ONLINE corpora

ONLINE corpora together create a monitor corpus of the dynamic content of the Czech web, i.e. predominantly internet journalism, to some extent also discussions, forums and social networks. The span of the corpus is since 2017 till the present.

The key feature of the ONLINE corpora are regular updates. This means that their contents change continually, and it is thus not possible to get back to previous versions of the corpora. Given that the input data (sources) can change, there is no guarantee that the structure as well as the annotation of the ONLINE corpus will remain the same.

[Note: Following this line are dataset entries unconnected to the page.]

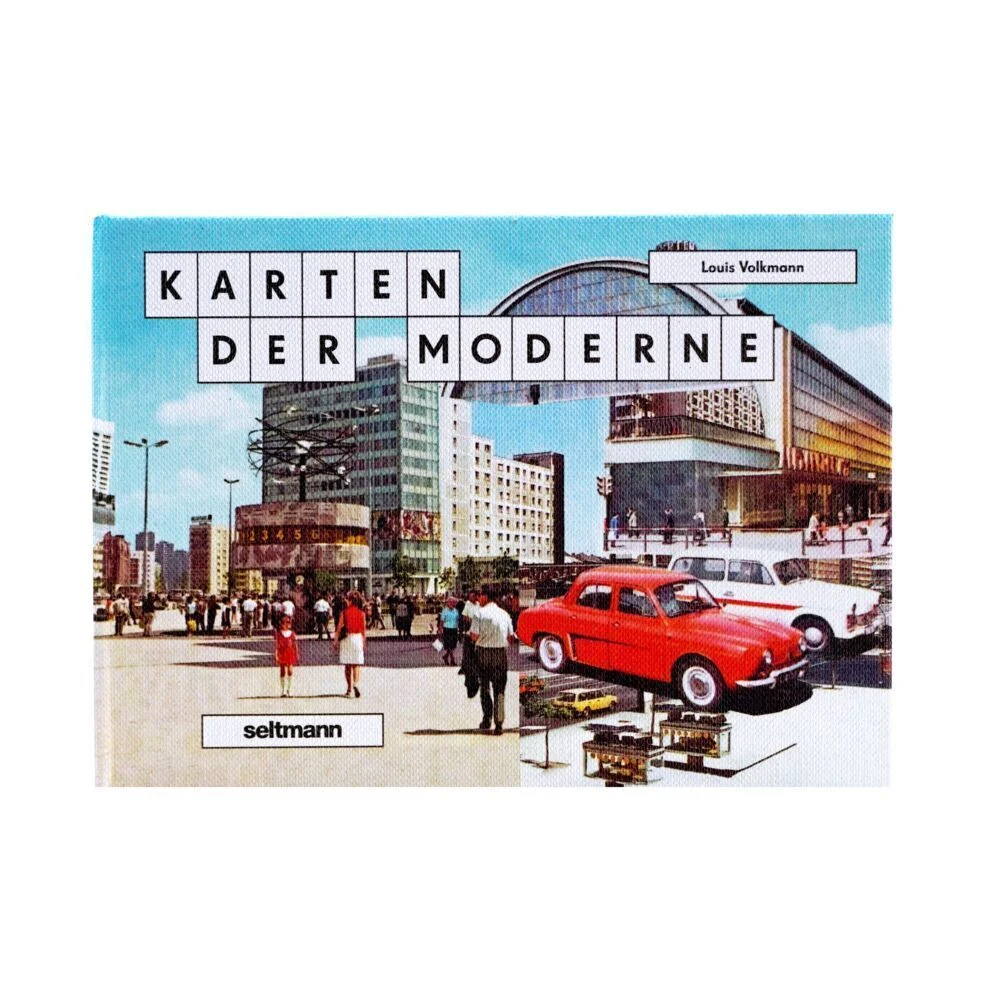 Karten der Moderne - Hardcoverbuch mit 100 Ansichtskarten aus der DDR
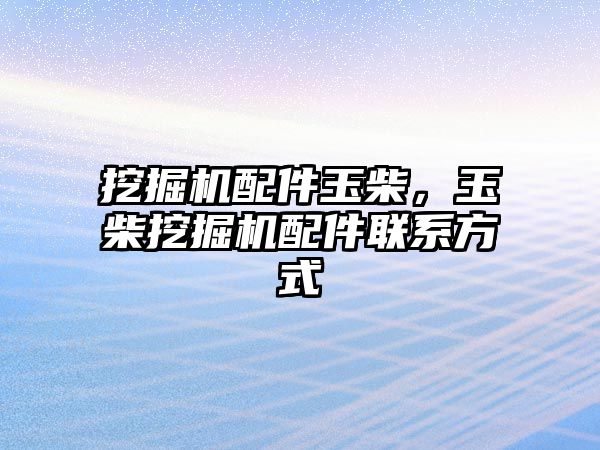 挖掘機配件玉柴，玉柴挖掘機配件聯系方式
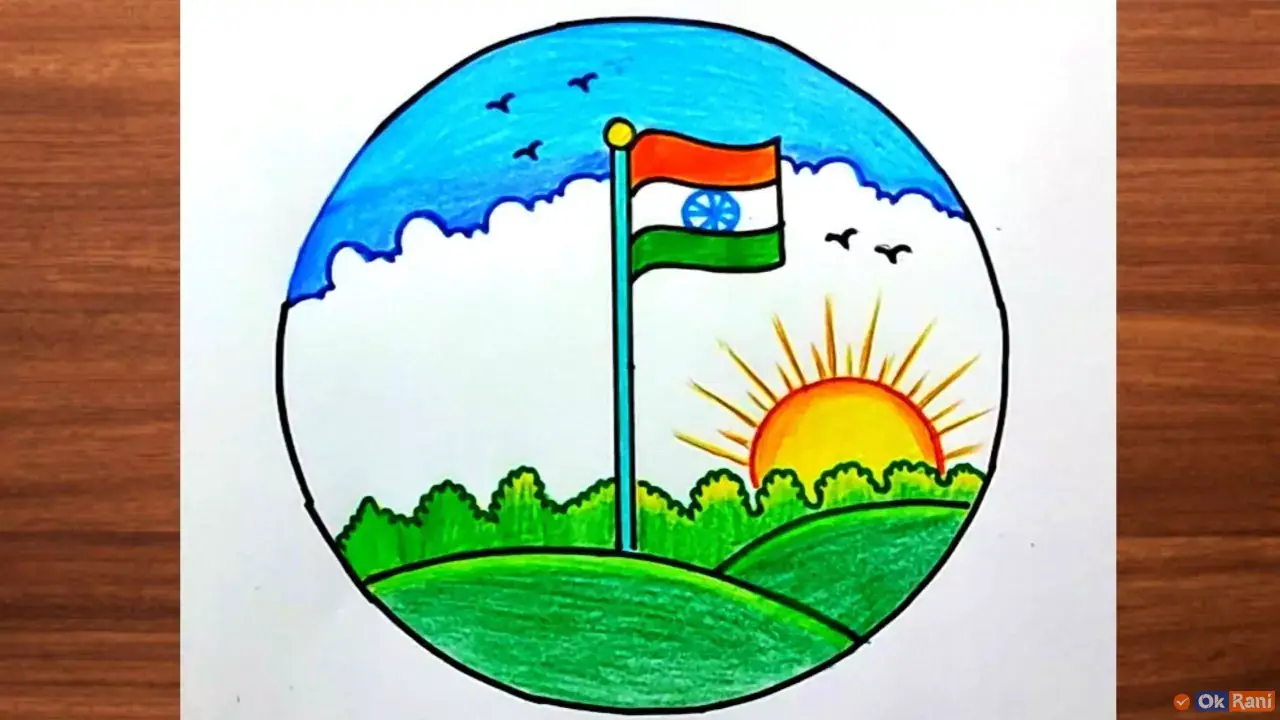 REPUBLIC day 🇮🇳 save & follow! | Independence day drawing, Meaningful  drawings, Book art diy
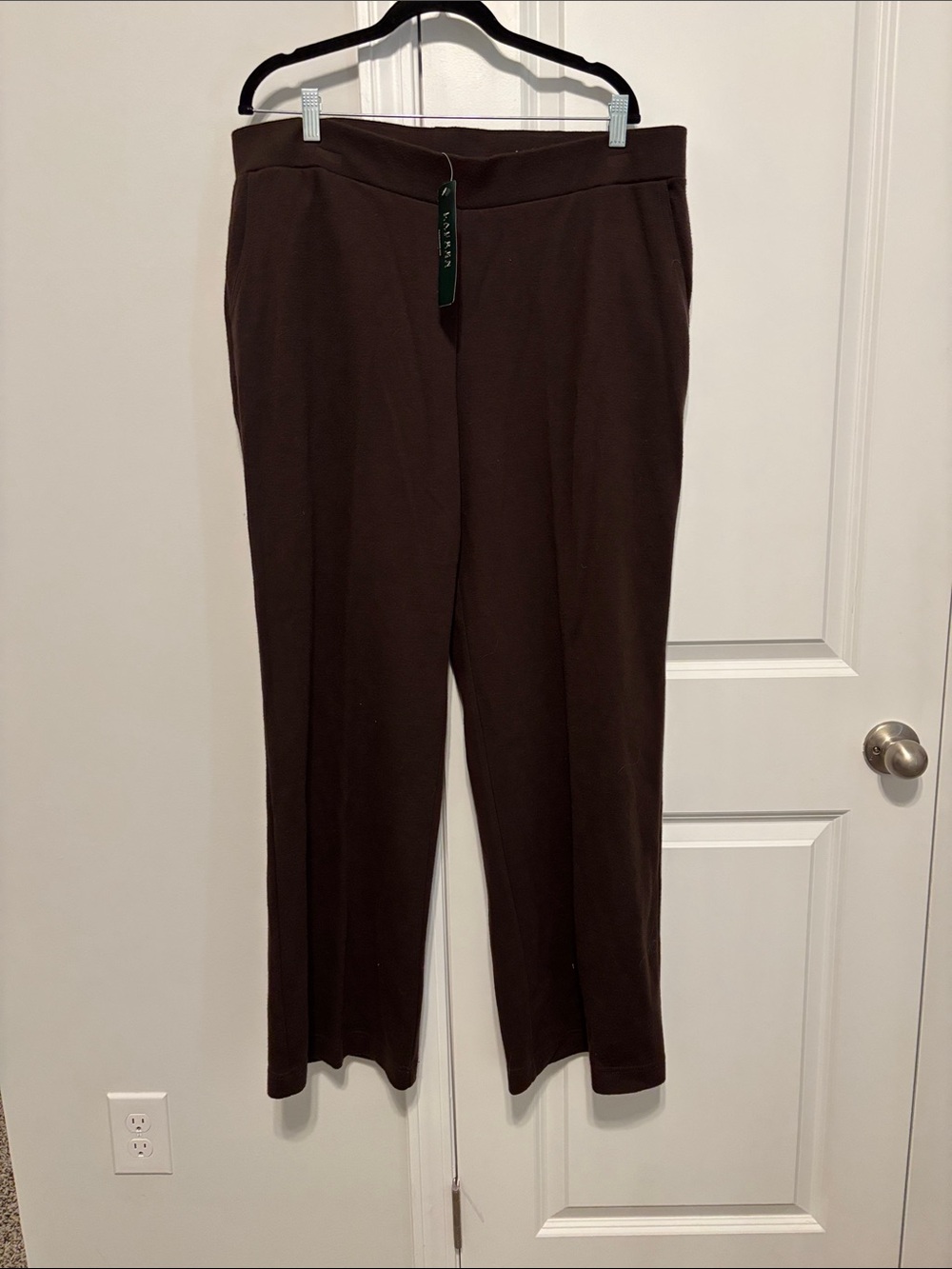 Lauren Ralph Lauren Women's Brown Straight-Leg Pants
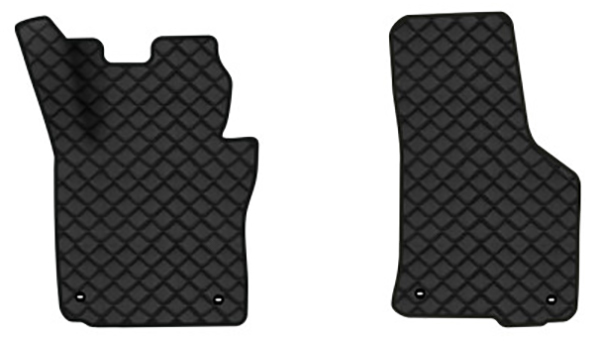 Коврики из экокожи в салон авто передние EVAtech для Octavia A5 (MT, 8 clips) Skoda 2004-2013 2 поколение Liftback EU (SK12159AE2TL4BBB) - Фото 1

If you need an invariable reference corpus for the research of the specifics of internet communication, you can make use of the korpus NET corpus.

The corpus is annotated using standard tools for the morphological analysis and lemmatization of the SYN-series corpora. The annotation is thus comparable e.g. with the SYN2015 corpus.

Generations of ONLINE corpora

There are two generations of ONLINE corpora:

Generation Corpus name Period covered Composition Year of publication
1. ONLINE1 January 2017 – March 2021 online journalism, social media, discussions, forums 2020
2. ONLINE2_NOW, ONLINE2_ARCHIVE April 2021 – present online journalism 2022

The ONLINE corpora are disjunctive, i.e. there is no intersection. Therefore, for searching in the whole time period since 2017, the results of queries on both corpora can simply be joined together, no manual corrections are needed. As both corpora are identical in their structure and annotation, the following description does not distinguish between them.

Note on backwards compatibility:

Saved queries on the 1st generation ONLINE corpora (i.e. ONLINE_NOW and ONLINE_ARCHIVE) may not work after the 2nd generation is published (among other things due to change of corpus name). However, the ONLINE1 corpus contains all the texts of this previous generation and by replicating queries on it, it should be possible to arrive at the same results.